Pixel 4 sees you coming

by Andy Bassett

With virtually everything already known about the Pixel 4 after a relentless series of leaks and blog posts, all that was left for the Made By Google event was to make the announcement official and tie it all up with a bow.

Google did their best to avoid a series of ‘our phone’s faster than your phone’ proclamations or engage in any spec wars instead, settling on a few notable functions they feel will make a user’s experience more rewarding. As always, a lot of this revolved around the new camera features, which is something that the company has always prided itself on.

Sporting a new look, finish and colour, the Pixel 4 handsets are the first to feature two rear cameras. They are also the world’s first smartphone to use motion detection based on radar technology - the culmination of a 5 year project called ‘Soli’ which sought to harness radar’s speed, precision and power-efficient motion-detecting properties. All of radar’s advantages have been introduced into the Pixel 4 via a technology called Motion Sense.

This enables the handset to detect movement prior to any actual interaction, so Motion Sense will detect movement towards the phone and prepare Face Unlock, even before the handset has been lifted towards the face. With this state of preparation, the actual unlocking process that follows is extremely quick. Once a phone is placed back down, Motion Sense will detect movement away from the handset and put the phone in sleep mode, thus saving power. It also allows simple gestures to control media playback or swipe through various screens.

Motion sense can be turned on or off at any time and the Face Unlock data remains locally on the handset and never interacts with any other Google services. Additionally, the latest version of the Titan M security module keeps data secure on the phone.

Google will be keenly aware of the advances that their smartphone rivals Huawei and Apple have made in their own camera departments, so the company will be keen to reassert what is largely recognised as one of the Pixel’s strengths. To that end, as well as an 8MP front facing selfie snapper, both handsets now benefit from a pair of rear cameras - a 12.2 MP wide angle lens with a 77° field of view and a 16MP main camera with a 2x telephoto zoom.


But it’s not just the camera hardware which distinguishes Pixel photography, the software plays a huge part in getting the high quality results and this so-called computational photography has been improved in several key areas.

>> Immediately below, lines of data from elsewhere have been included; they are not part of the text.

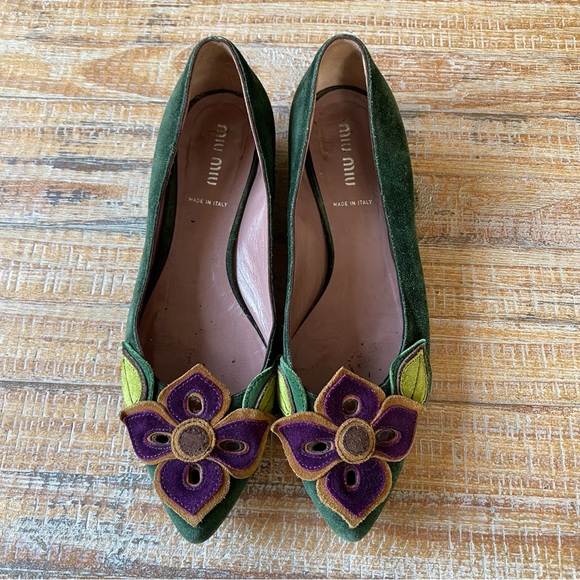 Miu Miu Shoes - MIU MIU Suede Floral Low Heel Pumps Flower Appliqué Pointy Toe Sz 36.5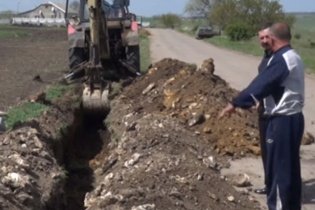 В селе на севере Одесщины прокладывают водопровод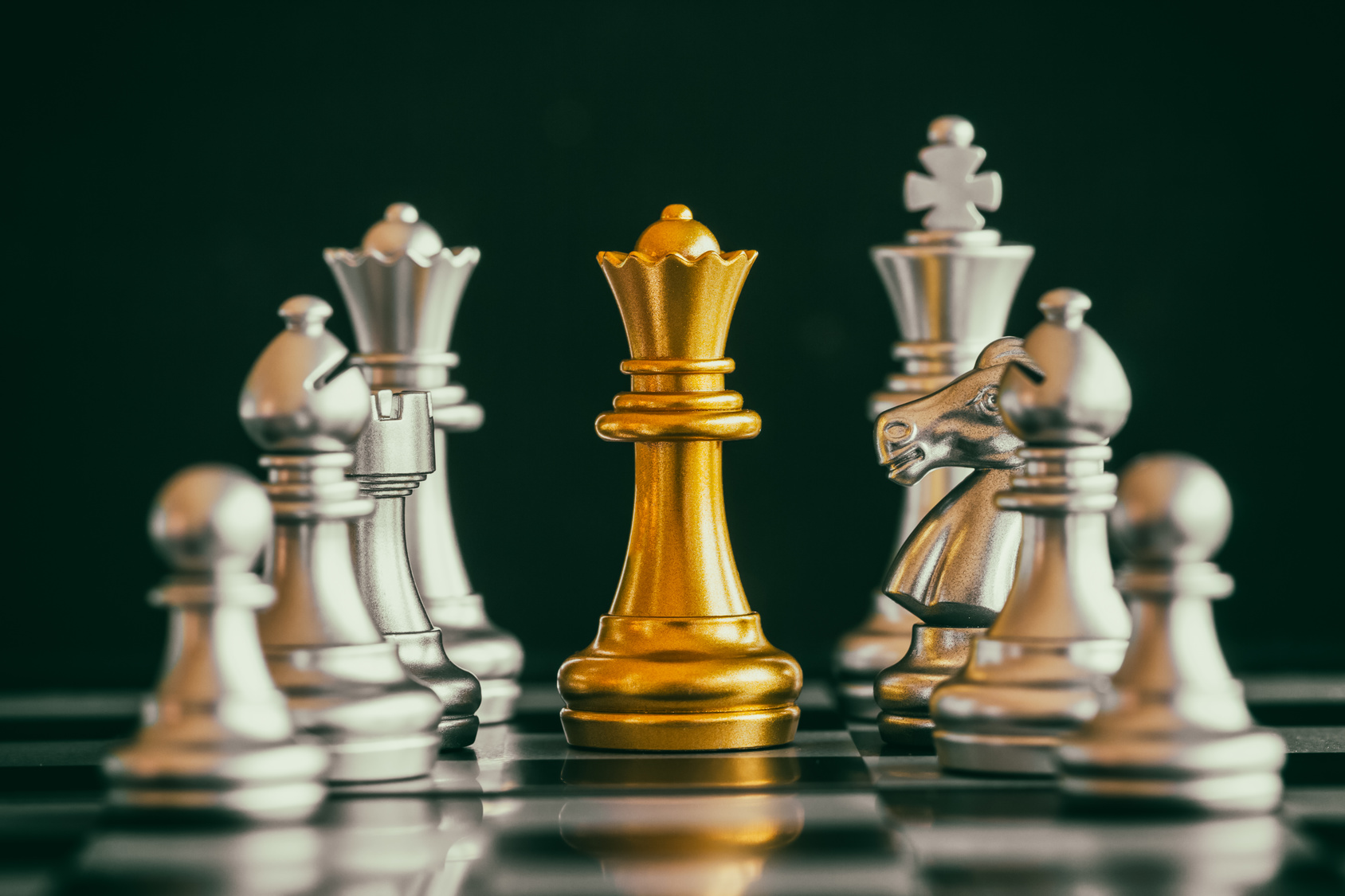 La maîtrise des échecs fut presque une simple formalité pour AlphaZero, l'IA de Google DeepMind. © Phongphan5922, Fotolia
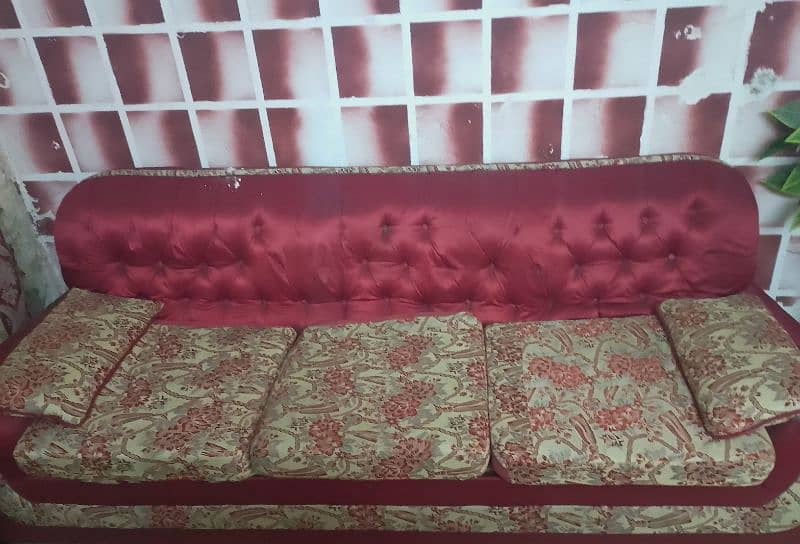 Sofa Set 3 seater & 1 seater (2each) 5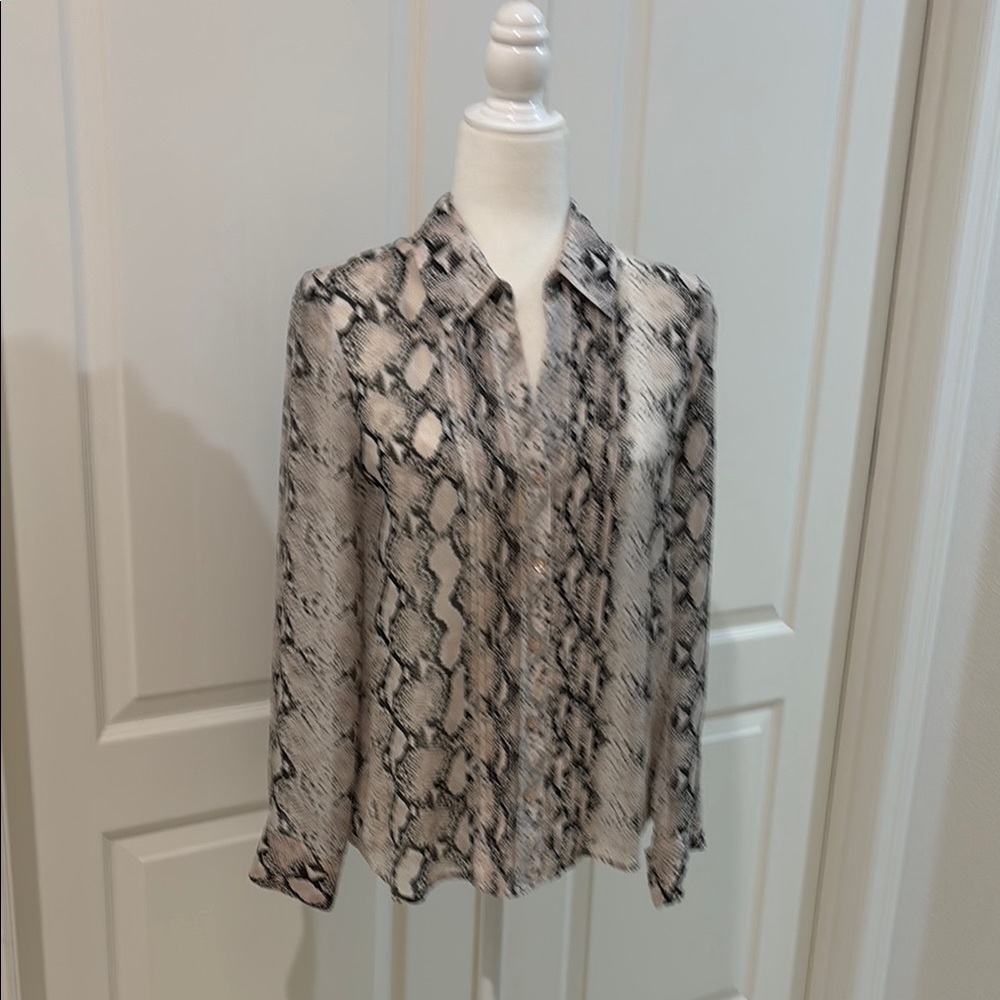 L'AGENCE Black and White Button Down Shirt with Notched Collar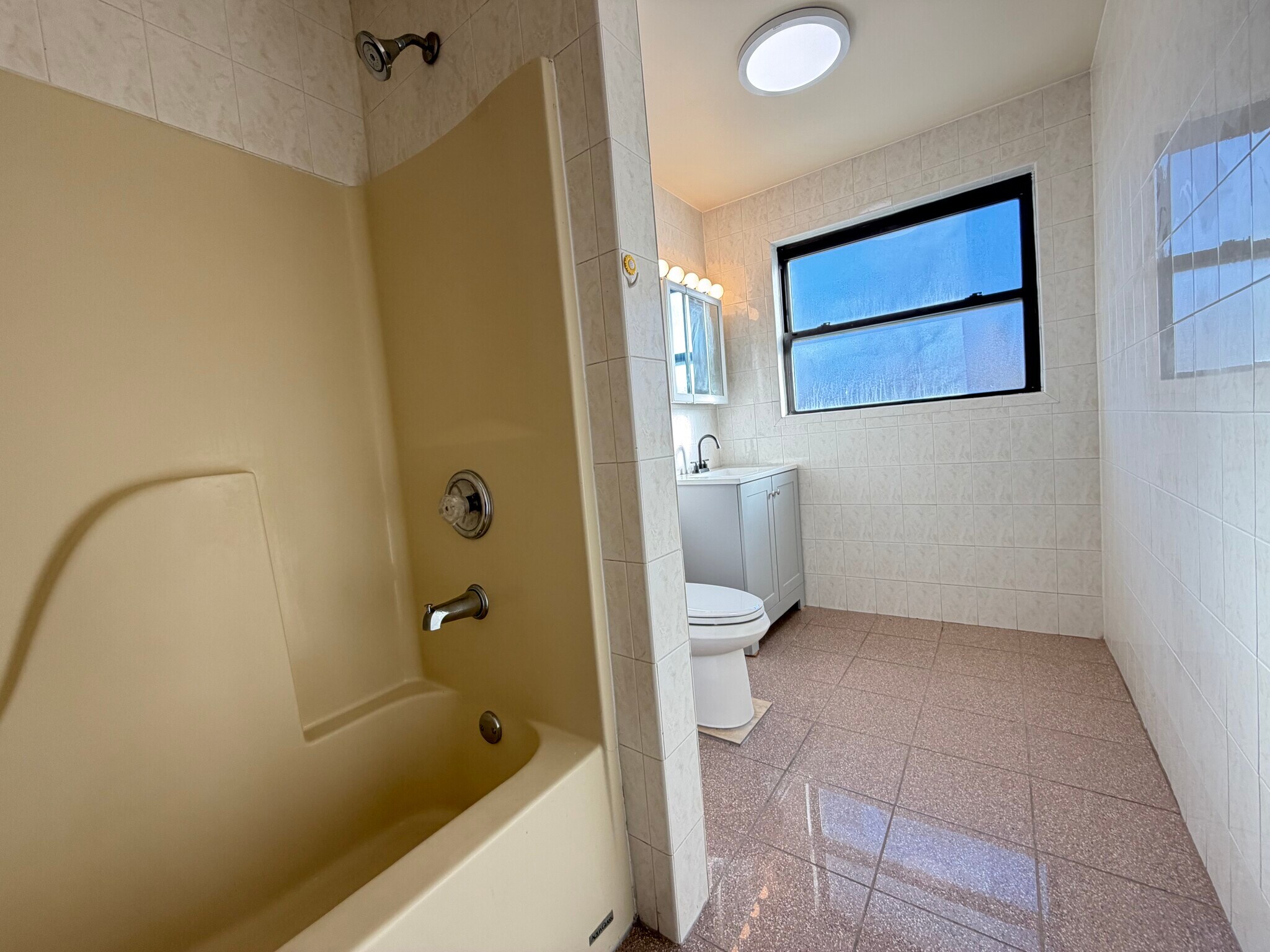 Bathroom - 952 W Windsor Ave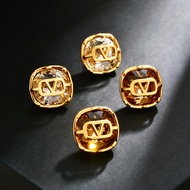 French Elegant Classy Celebrity K9 Glass Letter Earrings Light Luxury Simple Earrings High-End Fashi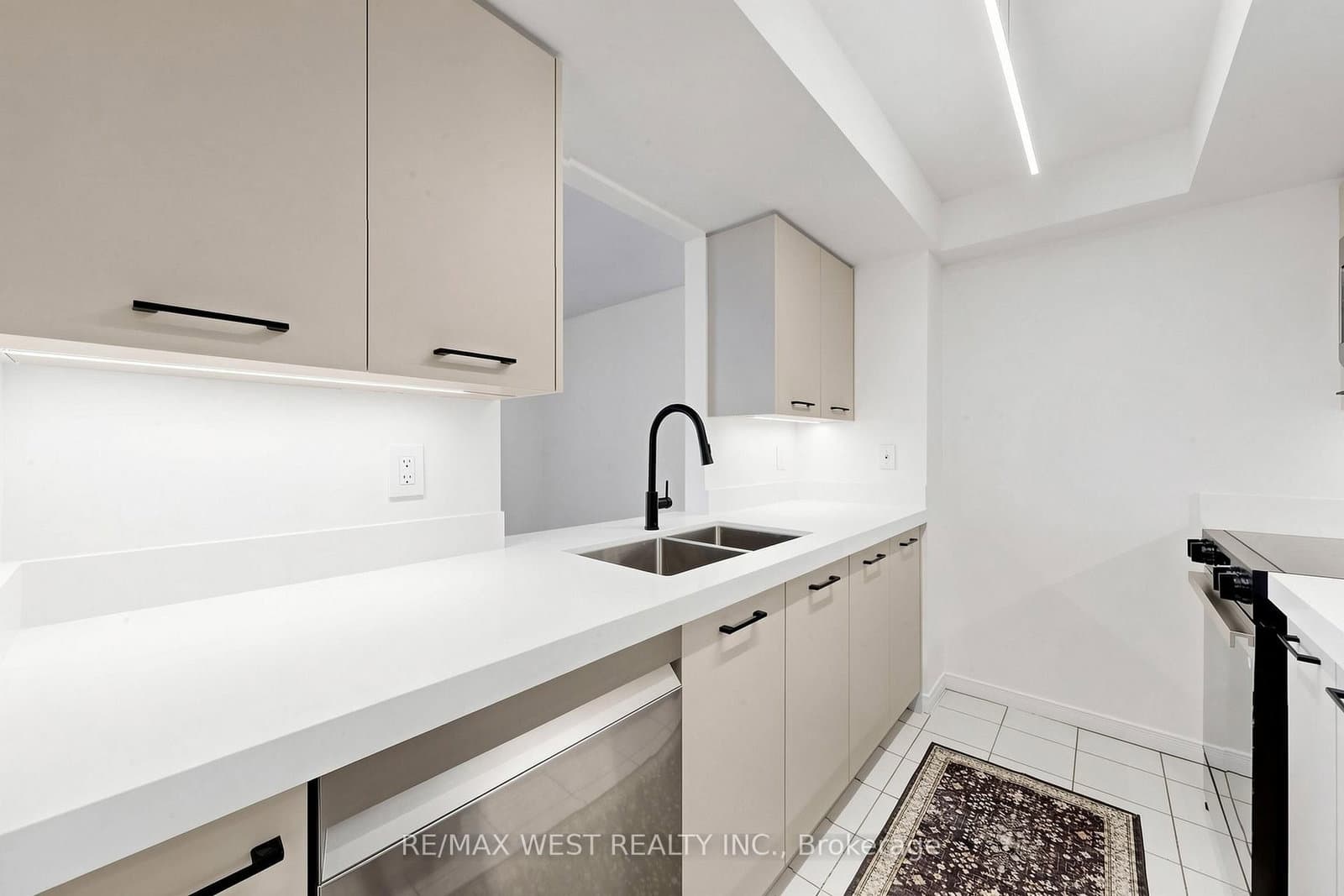 5 Concorde Place, Unit 1302 thumbnail 18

Firstly, the Pixel’s well established HDR+ method of stacking and averaging several shots of the same image to reduce noise and allow brightening to bring out shadow details can now be seen on the screen before the picture is taken using Live HDR+, which uses machine learning to approximate HDR+ in the viewfinder during the composition phase.

On top of that, Dual Exposure Controls allow real time adjustment of the capture exposure and tone mapping via the Brightness and Shadows sliders. This allows different exposure settings to be applied for different parts of the image and previewed before the image is captured. Previously, an image had to be taken and checked to see if the settings delivered the required effect.

There’s also machine based learning for white balance settings to remove some of the tonal discolourations found in tricky lighting conditions.

Portrait mode now also benefits from a combination of the dual cameras and machine learning to improve depth of field effects with large objects, or portraits where the subject is some distance away, and hair and fur are dealt with more accurately too.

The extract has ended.